The trouble is Mugabe probably knows that, according to international laws, he’s not much better than those he is criticising.
He spoke of modern slavery being defined as the “denial of rights”, but that is exactly what is happening in Zimbabwe. Activists are disappearing as police crack down on any form of opposition to Mugabe’s rule. Yes, human rights watchdogs have indicated an improvement in Zimbabwe’s record since 2009, but it’s not enough.
“How can we live freely in this country when those who peacefully protest disappear?” Sheffra Dzamara, wife of missing Zimbabwean activist Itai Dzamara, told the Guardian.
People used to surround Dzamara while he sat in the barbershop, getting his hair done, as he chatted about Zimbabwe’s political climate. After Dzamara delivered a petition to the government, asking Mugabe to step down for his failure to create jobs and for a new, fair election to take place, he disappeared. It’s 10 months later and the father of two is still missing, but Mugabe’s government denies involvement.
In July 2015 Zimbabwean news outlets reported that another eight Zimbabweans were on Interpol’s missing persons list.
While Dzamara’s family still waits for news on his whereabouts, Mugabe told Ban: “We are supposed to be free and independent, Mr Ban Ki-moon. We have asked and asked and asked … Reform! Reform the security council,” he said, as whistles and cheers erupted.
Mugabe is right. The UN Security Council must reform to include representatives from Africa. Why shouldn’t our continent be heard on one of the world’s most powerful platforms when its participants often decide the fate of our neighbours?
He was right to look Ban square in the eye and mock his institution. And he made a brilliant point questioning the headquarters of the UN being in New York City when the combined populations of India, China and Africa would overwhelm those of Western nations.
But we remind you, Mr Mugabe, that, unlike China and India, Africa is not a country.
Where he went even more wrong was to highlight the controversy around his own leadership, and people still applauded without seeming the least bit awkward.
“How many are they [in the West]? Do we allow that [this] group should continue to harass us even in our independent countries? ‘Regime change; Mugabe should not be there?’” Mugabe said. “You get some people still saying: ‘Because we are white and you are black, we can’t give you the honour of equality in the security council.’ Nonsense.”
But what about the black man who oppresses and harasses his fellow black countrymen? Is he any better?

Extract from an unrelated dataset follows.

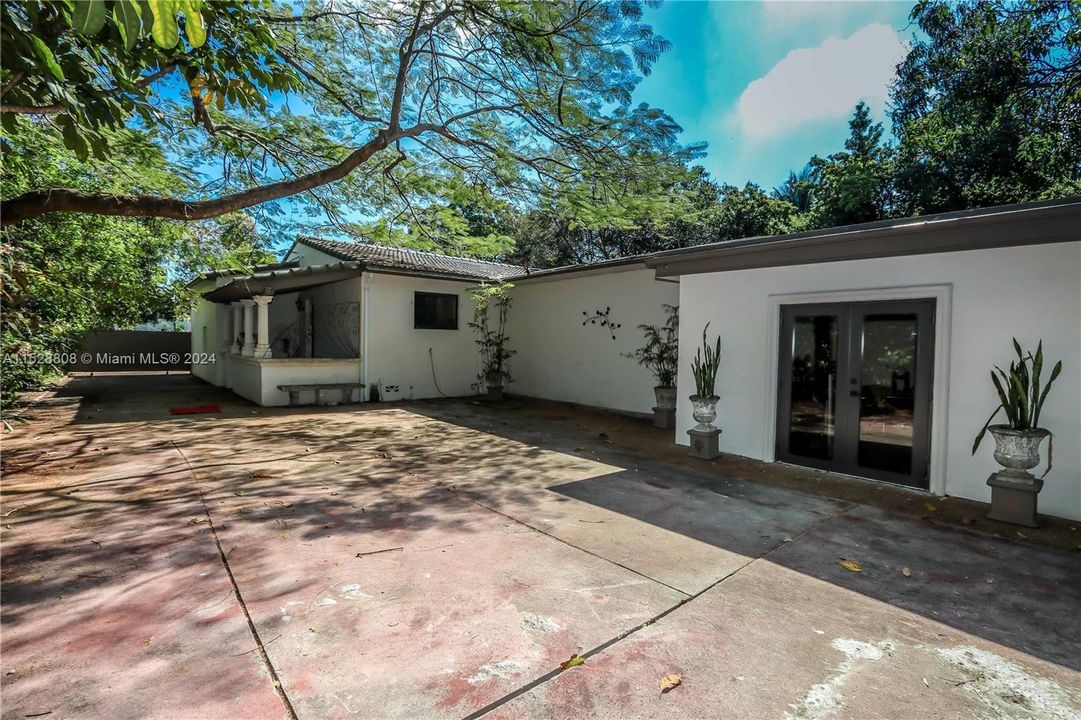 Active With Contract: $1,200,000 (4 beds, 2 baths, 3169 Square Feet)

We temporarily forgave President Jacob Zuma for his trespasses when he invoked the spirit of Jan van Riebeeck in Parliament last year, and gave the National Assembly a history lesson on the land battle between Afrikaners and Europeans and how it affected the black population who had initially welcomed them.

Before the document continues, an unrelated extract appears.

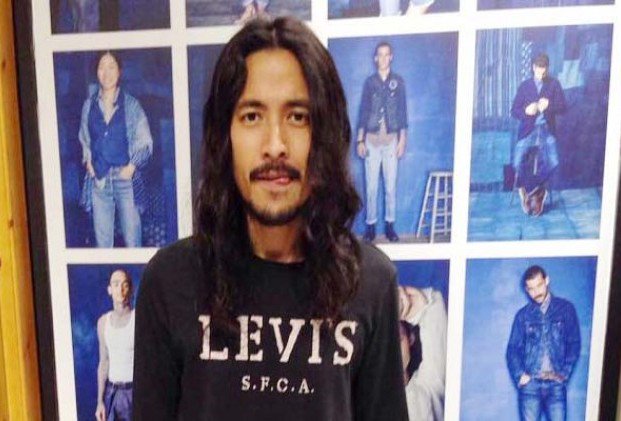 Penyanyi Ello Ditangkap di Jagakarsa Bersama Temannya. goo.gl/xynSTv <a href="/INFOBNN/">BNN RI</a> #Tercyduk #Narkoba #Narkotika #Ello #InfoSeleb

It is in these moments, when leaders speak honestly about our collective oppression at the hands of colonialism, that we find hope that somewhere deep down, beneath their alleged corruption and complicity in further marginalisation, they know the struggle has not been won.
The disappointment comes afterwards in realising that, even though they might know what people are fighting for, they don’t care – because power is all they want.